While driving through Bwabwata National Park, I see a heard of elephants browsing through the shrubs in the distance. I stop, pull out my camera gear and photograph the scene in awe. As I pack up my equipment, I hear shuffling behind me. I twist my head to see a large male elephant walking briskly towards me. I race to my scooter and jump on. I’ve left her running just in case something were to come up; elephants, zebra, antelope and even lions that can be found along the strip. I twist the throttle and toss my head over my shoulder to see the big elephant is now chasing me down the highway at full speed. I’ve learned a couple things today. My scooter can outrun a male elephant – though just barely- and it’s incredibly uncomfortable driving a scooter with a pair of pants full of poo. I drive off again laughing hysterically. Oh, the adventures I have. I wonder what it would be like to have a partner in these adventures, but at the end of the day, I’m not sure I’d have them if I had a partner.
By the time my trip across the Caprivi is complete, I find myself lounging over the Okavango River with a beer in my hand. Although I’m surrounded by hippos chirping and elephants calling from across the river, again I’m alone. However, unlike the heart of West and Central Africa, it doesn’t feel as dire this time. It doesn’t feel as desperate. Maybe I needed the comfort up there and down here I don’t. Maybe, like most things in life, time alone is something you need in moderation. Or maybe I learned something in the trenches of the heart of Africa. You’re never alone. The thoughts from family and friends will always carry you no matter how alone, and how far from them you may be. And at the end of the day, if you can be at peace with the person you are, then you’ll always find solace.
I’m 2,500 kms from Cape Town and have a month to get there. The journey is almost over, but the emotions that the ride coming to an end are only starting.
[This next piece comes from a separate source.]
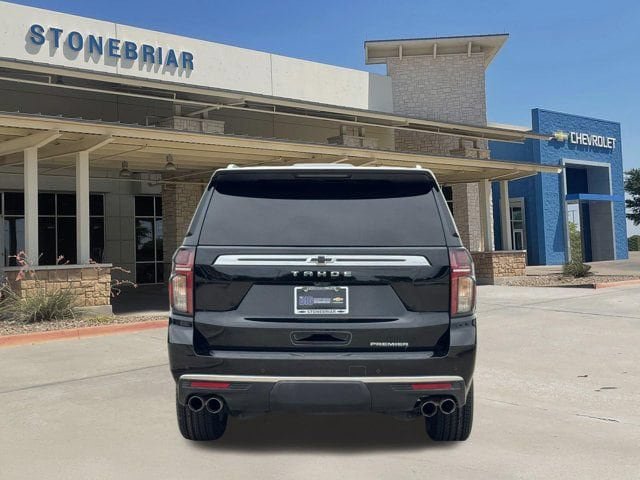 Used 2021 Chevrolet Tahoe Premier RWD image 6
I leave the hip confines of Ngepi Camp and ride off towards the heartlands of Namibia. A tear rolls from my eye to my cheek as I think about the end. How will I react when I see that “Welcome to Cape Town” sign? How will I react when the shoes of the plane lift me from this continent. I’ve grown to love and hate this continent. I’ve left so much of myself here and gained so much from it. I’ve laughed and I’ve been brought to my knees. Life here has been tense and it has been joyful. The truth is, my relationship with Africa is likely the strongest and most real I’ve had in years. And like any relationship, it can be exhausting at times. So today, I’m thankful that the Caprivi Strip has managed to bring some peace to my journey, and I’m sure that someday I’ll look back at this point in Africa and realize this is where the journey began to come to a close; and the point I realized I achieved what I really set out to do.